Also, more to the point. I am not entirely sure what is the returned
exit code when the RHS of "||" fails, depending on the version of the
shell. We may not get the error condition that triggers 'trap' at all (!?)
That is one reason I want a mundane use of if/then/else/fi proposed in
the patch.

cf. Shell version dependency. Background:

[1] Here is a quote regarding the condition of error handled by trap from
"bash" man page.

About "trap [-lp] [arg] [sigspec ..]
    ...
     If a sigspec is ERR, the command arg is executed whenever a simple
     command has a non-zero exit status, subject to the following
     conditions. The ERR trap is not executed if the failed command is part
     of the command list immediately following an until or while keyword,
*    part of the test following the if or elif reserved words, part of a
*    command executed in a && or || list, or if the command return
     status is being inverted using !. These are the same conditions obeyed
     by the errexit option.

     => I am not entirely sure if the failure in the RHS of "||" in
     |verbose()| is trapped because of the above description.
     In the current version, maybe.

[2] A quote: "dash" man page (under Debian GNU/linux, it seems /bin/sh is
a link to /bin/dash),

    -e errexit' If not interactive, exit immediately if any untested
     command fails. The exit status of a command is considered to be
     explicitly tested if the command is used to control an if, elif,
     while, or until; or if the command is the left hand operand of an
     ''&&'' or ''||'' operator.

 => OK, so the left hand execution when it fails does not cause the
    trap to take effect even if it fails, and only the failure on the
    RHS is noticed. Hmm...

[3] Venerable Single Unix Specification OpenGroup Posix specification
document.
http://pubs.opengroup.org/onlinepubs/7908799/xcu/chap2.html

This is POSIX!

-e
    When this option is on, if a simple command fails for any of the
    reasons listed in Consequences of Shell Errors or returns an exit
    status value >0, and is not part of the compound list following a
    while, until or if keyword, and is not a part of an AND or OR
    list, and is not a pipeline preceded by the "!" reserved word,
    then the shell will immediately exit.
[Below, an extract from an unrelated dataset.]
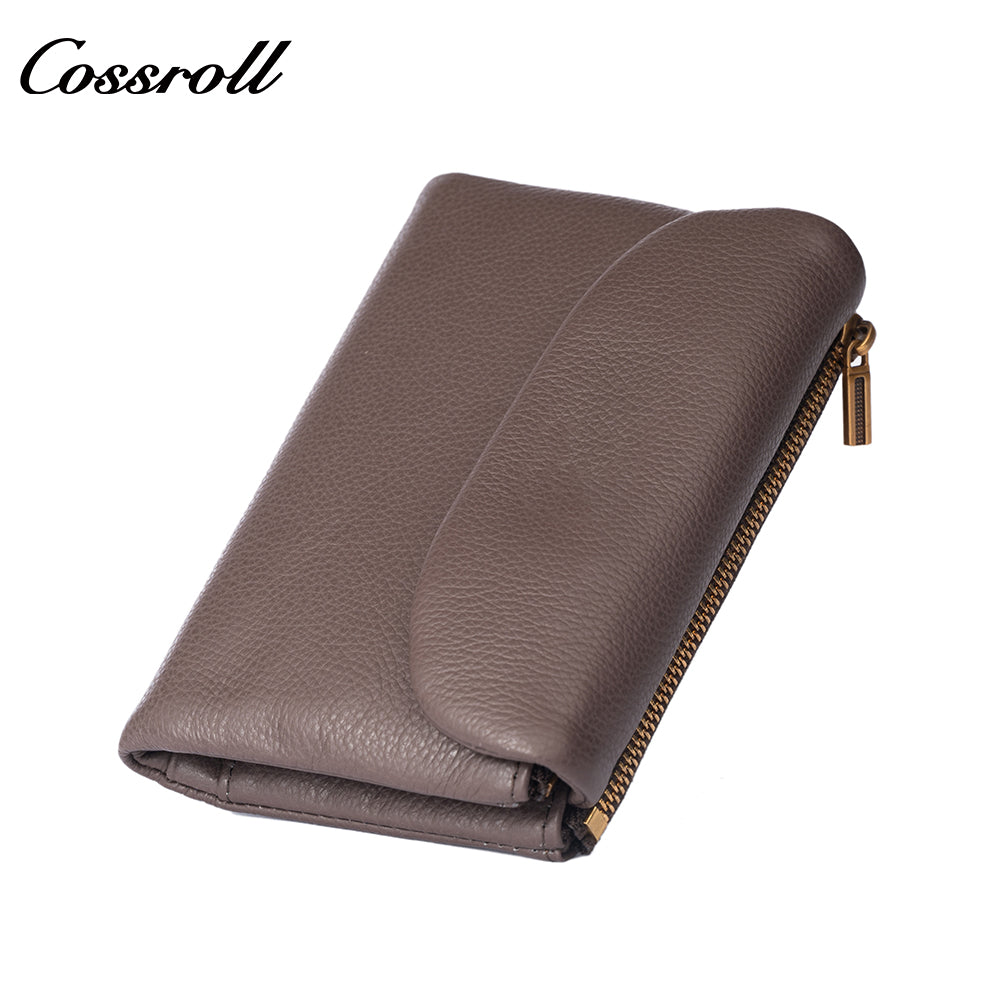 Women's wallet leather short wallet, fashionable soft leather, large capacity with multiple card slots.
     => So it doesn't say explicitly that the failure of the right
     hand side of "||" triggers the error processing defined by
     trap immediately. Thus, POSIX accommodates the both positions of
     "dash" and "bash" beautifully :-)

    cf. Here "AND" list or "OR" list is defined in POSIX.
     AND Lists
     The control operator && denotes an AND list. The format is:

     command1 [ && command2] ...

     First command1 will be executed. If its exit status is zero,
     command2 will be executed, and so on until a command has a
     non-zero exit status or there are no more commands left to
     execute. The commands will be expanded only if they are executed.
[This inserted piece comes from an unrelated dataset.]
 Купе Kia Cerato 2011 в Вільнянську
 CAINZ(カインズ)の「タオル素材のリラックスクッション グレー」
     Exit Status: The exit status of an AND list will be the exit
     status of the last command that is executed in the list.

     OR Lists
     The control operator || denotes an OR List. The format is:

     command1 [ || command2] ...

     First, command1 will be executed. If its exit status is
     non-zero, command2 will be executed, and so on until a command
     has a zero exit status or there are no more commands left to
     execute.

     Exit Status: The exit status of an OR list will be the exit
     status of the last command that is executed in the list.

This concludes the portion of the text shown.